━━ Supplied records

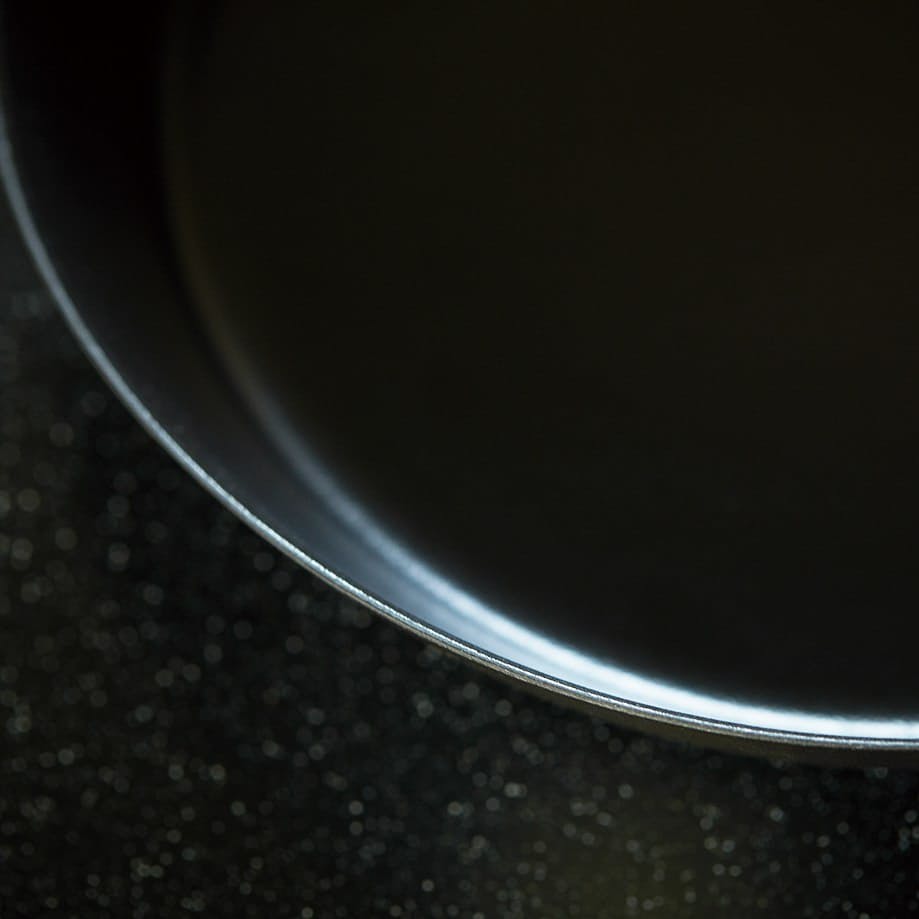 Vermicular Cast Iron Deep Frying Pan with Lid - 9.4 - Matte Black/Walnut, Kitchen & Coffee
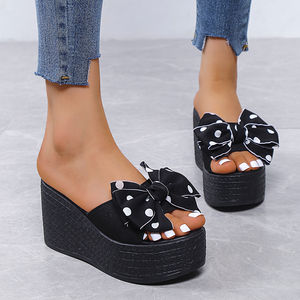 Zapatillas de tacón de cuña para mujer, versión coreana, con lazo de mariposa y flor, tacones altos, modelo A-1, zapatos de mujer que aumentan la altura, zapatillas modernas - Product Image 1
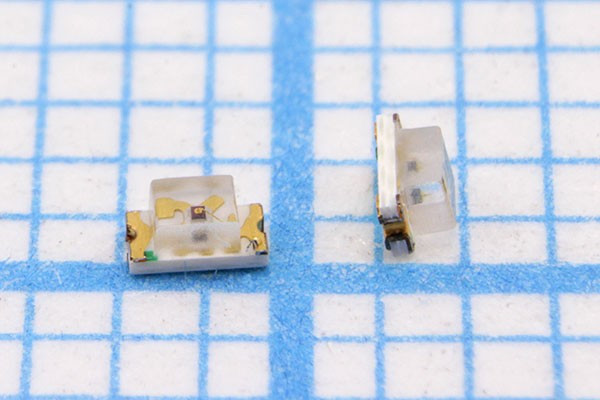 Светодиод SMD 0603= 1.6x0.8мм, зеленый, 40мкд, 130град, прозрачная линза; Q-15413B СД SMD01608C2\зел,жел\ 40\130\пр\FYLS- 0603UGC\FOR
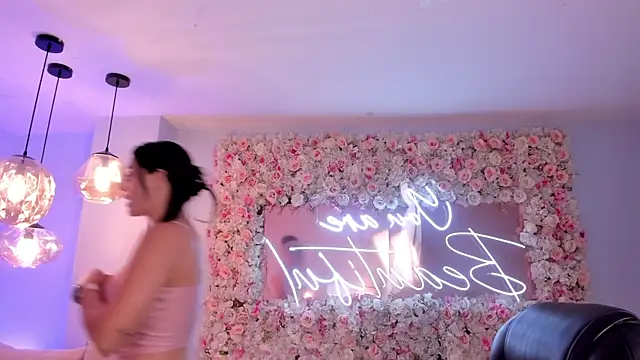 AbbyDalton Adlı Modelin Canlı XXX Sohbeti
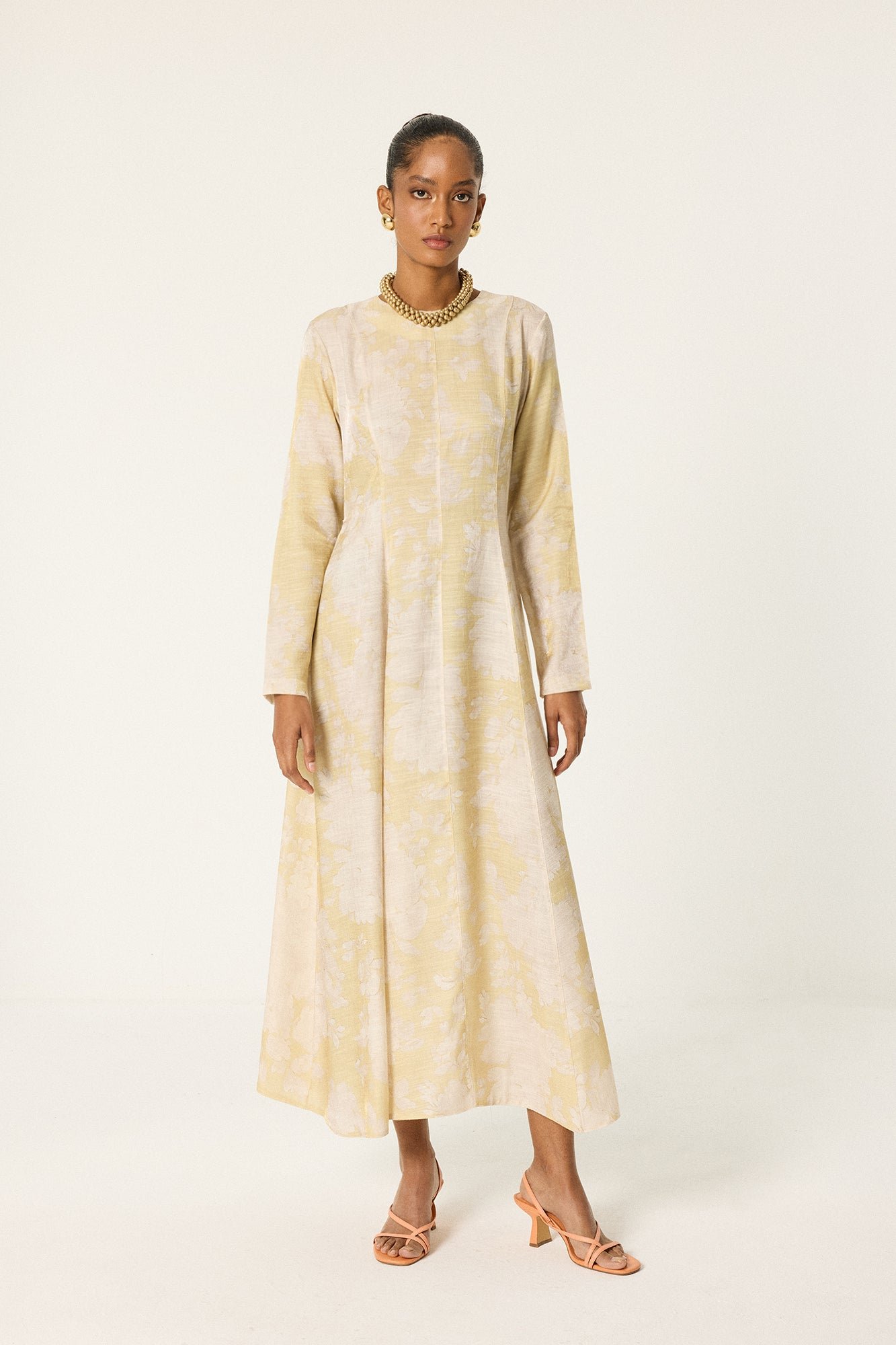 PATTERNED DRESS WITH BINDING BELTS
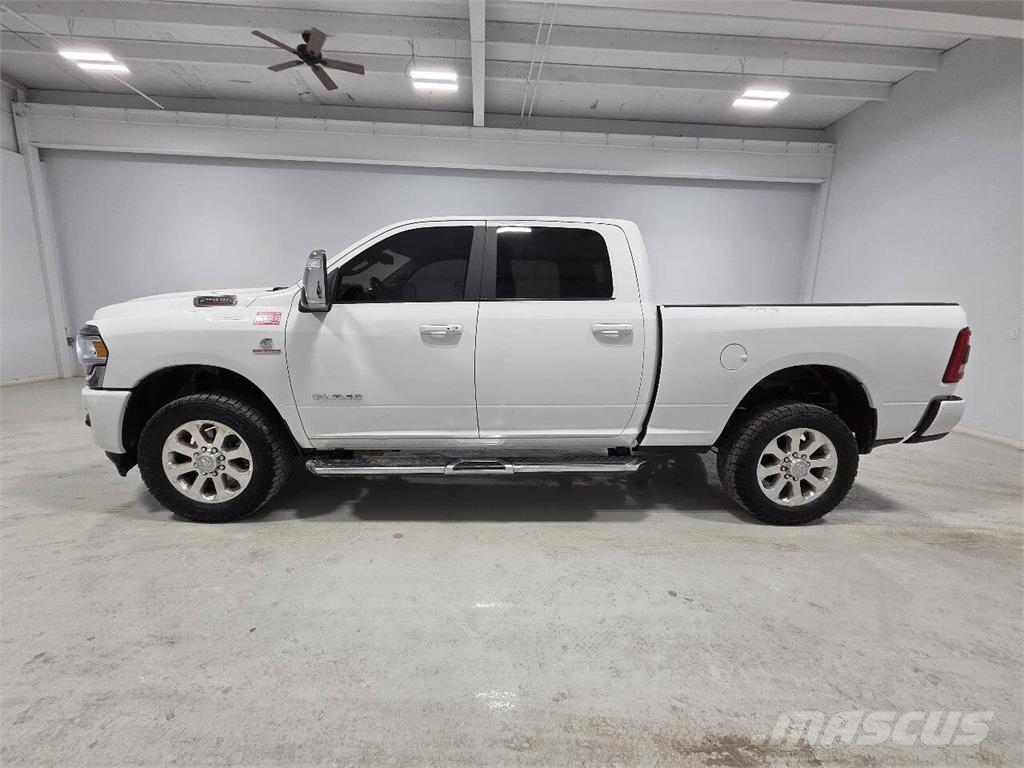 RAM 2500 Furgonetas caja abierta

━━━━
━━ Supplied records

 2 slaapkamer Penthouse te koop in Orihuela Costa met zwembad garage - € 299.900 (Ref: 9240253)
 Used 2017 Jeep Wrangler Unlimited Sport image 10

━━━━

> _Required action_: Nothing but the lines from the one containing "Vermicular Cast Iron" through the one containing "RAM 2500 Furgonetas caja abierta" should appear, copied exactly from the material above and without pictures.

> _Task response_:
 Vermicular Cast Iron Deep Frying Pan with Lid - 9.4 - Matte Black/Walnut, Kitchen & Coffee
 Zapatillas de tacón de cuña para mujer, versión coreana, con lazo de mariposa y flor, tacones altos, modelo A-1, zapatos de mujer que aumentan la altura, zapatillas modernas - Product Image 1
 Светодиод SMD 0603= 1.6x0.8мм, зеленый, 40мкд, 130град, прозрачная линза; Q-15413B СД SMD01608C2\зел,жел\ 40\130\пр\FYLS- 0603UGC\FOR
 AbbyDalton Adlı Modelin Canlı XXX Sohbeti
 PATTERNED DRESS WITH BINDING BELTS
 RAM 2500 Furgonetas caja abierta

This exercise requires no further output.